O presidente Luiz Inácio Lula da Silva, em seu discurso, comentou que foi feita a Justiça possível, e que nem sempre, quando ele foi sindicalista, ele conseguia acordos com os quais ele concordava totalmente. “Agradeço a todos que participaram desse processo. Quero me dirigir primeiro ao movimento social que tanto brigou por esse processo, aqueles que representam os pescadores, os atingidos por barragens, os indígenas, as mulheres, os quilombolas, os prefeitos da região. Eu fui por muito tempo dirigente sindical, e parte de minha vida foi definida por conclusões de acordos. Muitas vezes o acordo que eu assinava e levava para minha categoria aprovar, eu mesmo não estava 100% de acordo. O que me fazia fazer o acordo era a certeza da importância do momento político e a certeza de que aquele acordo era melhor do que se a gente entrasse numa guerra e não tivesse o acordo. Embora esse acordo tenha a cifra de R$170 bilhões, talvez o maior acordo já feito na história moderna do capitalismo, é importante a gente lembrar que ainda não sabemos o que foi feito com o gasto da fundação Renova que foi criada para cuidar disso. Esse é o dado concreto. Nem o Ministério Público e nem o governo federal sabem. São R$37 bilhões que não sabemos com o que foi gasto. É importante saber. Mas é o acordo que foi possível, melhor do que o que havia antes de chegarmos à presidência da República. É importante não esquecermos do que aconteceu em Brumadinho. Agradeço a todos os que trabalharam nele. Agora começa a preocupação maior. Espero que as empresas mineradoras tenham aprendido a lição. Ficaria muito mais barato ter evitado a tragédia acontecer. Infinitamente mais barato. Já tive a oportunidade de negociar com a Vale quando ela tinha dono, quando o dono dela era o governo. É muito difícil negociar com uma corporation, que a gente não sabe quem é o dono e que tem muita gente dando palpite. E que o dinheiro que poderia ter evitado a desgraça que aconteceu foi utilizado para pagar dividendos. É preciso mudar essa cultura. É preciso investimentos para melhorar a vida dos humanos. Espero que sirva de lição para todas as mineradoras”, concluiu Lula.

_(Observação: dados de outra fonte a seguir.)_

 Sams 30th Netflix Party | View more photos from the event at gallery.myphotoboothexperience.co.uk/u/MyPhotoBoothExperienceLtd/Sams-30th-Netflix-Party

Lula ressaltou que para que o acordo seja colocado em prática são estimados cerca de 20 anos de ações, que vão precisar do envolvimento dos Ministérios, que vão ter que entregar projetos para que as ações de recuperação aconteçam na prática.
Atingidos
Será criado um novo programa de indenizações individuais para a população dos 38 municípios mineiros impactados, inclusive Mariana. O valor por indivíduo será de R$ 35 mil e beneficiará mais de 200 mil pessoas em território mineiro. Os valores são estimados em R$ 10 bilhões para este novo sistema.

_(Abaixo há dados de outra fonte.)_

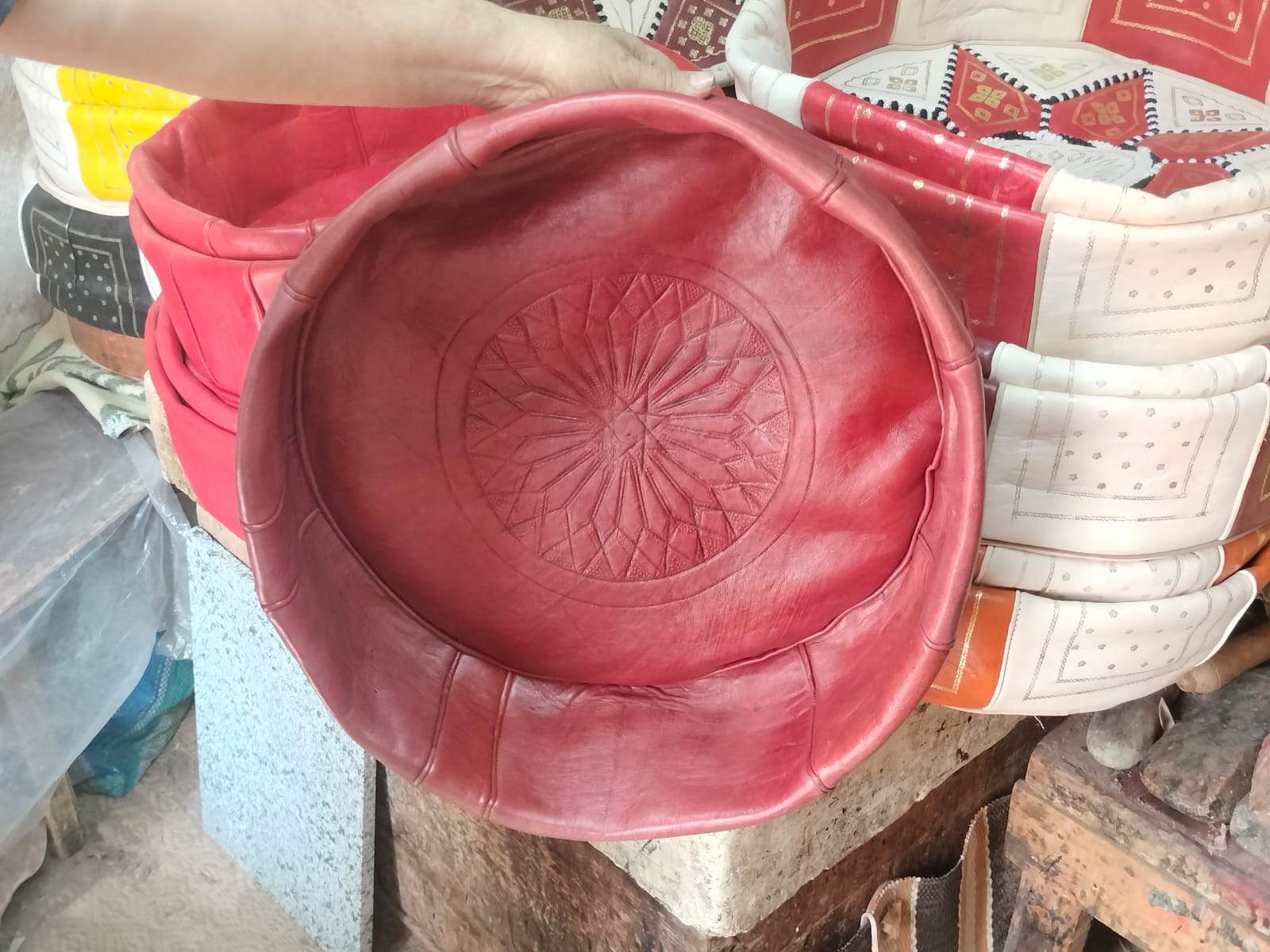 Pouf marocain en cuir rouge bordeaux gravé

Ainda nos 38 municípios atingidos pelo rompimento em Minas Gerais, a população de agricultores e pescadores com residência em até 5 quilômetros das margens do Rio Doce será incluída em um novo programa de transferência de renda. Os novos beneficiários irão receber 1,5 salário-mínimo mensal, por um período de ao menos três anos.